Russia will withdraw from Chinese territory when the pacification of Manchuria is attained and the security of the railroad assured, provided such action does not meet with obstacles caused by the proceedings of other Powers.

The inviolability of the rights of foreign States and international Companies in Newchwang and in the railways repaired by Russian troops is to be maintained.

The first object had been effected by the rescue of the Legations.

The departure from Peking of the Emperor, Empress-Regent, and Tsung-li Yamên, to whom Minister is accredited, had temporarily hindered the second object.

It is therefore proposed by the Russian Government to withdraw to Tien-tsin their Minister, his staff, and the Russian troops.

Russia will, in concert with other States, appoint Representatives to negotiate, when the legitimate Chinese Government resume power and nominate Plenipotentiaries.

Consul Carles to the Marquess of Salisbury.—(Received September 27 ) Tien-tsin, July 31, 1900.


I HAVE the honour to inclose translation of an Imperial Edict of the 18th instant, enjoining protection of the Legations in Peking, and of foreigners generally throughout the provinces.

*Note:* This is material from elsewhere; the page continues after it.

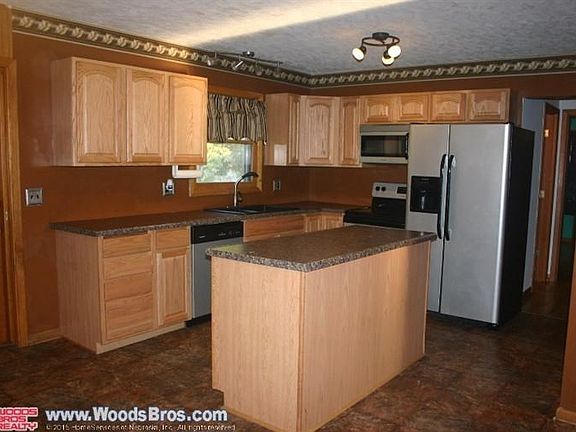 5th image of 611 S 56th St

Provision is also to be made for losses incurred by foreigners, through proceedings which were not acts of war.

The high authorities are at the same time instructed to put down the pillaging, murdering, and maltreatment of law-abiding people, which has taken place at the hands of brigands and rebels.

With reference to the last paragraph, the information which has reached me within the last few days is to the effect that the Boxers, who were disheartened for a time by the capture of Tientsin, by the allied forces, and through the loss of some of their leaders, are now mustering in great force in villages and towns 20 miles to the west of Tien-tsin, and also in places lying a few miles off the high road to Peking.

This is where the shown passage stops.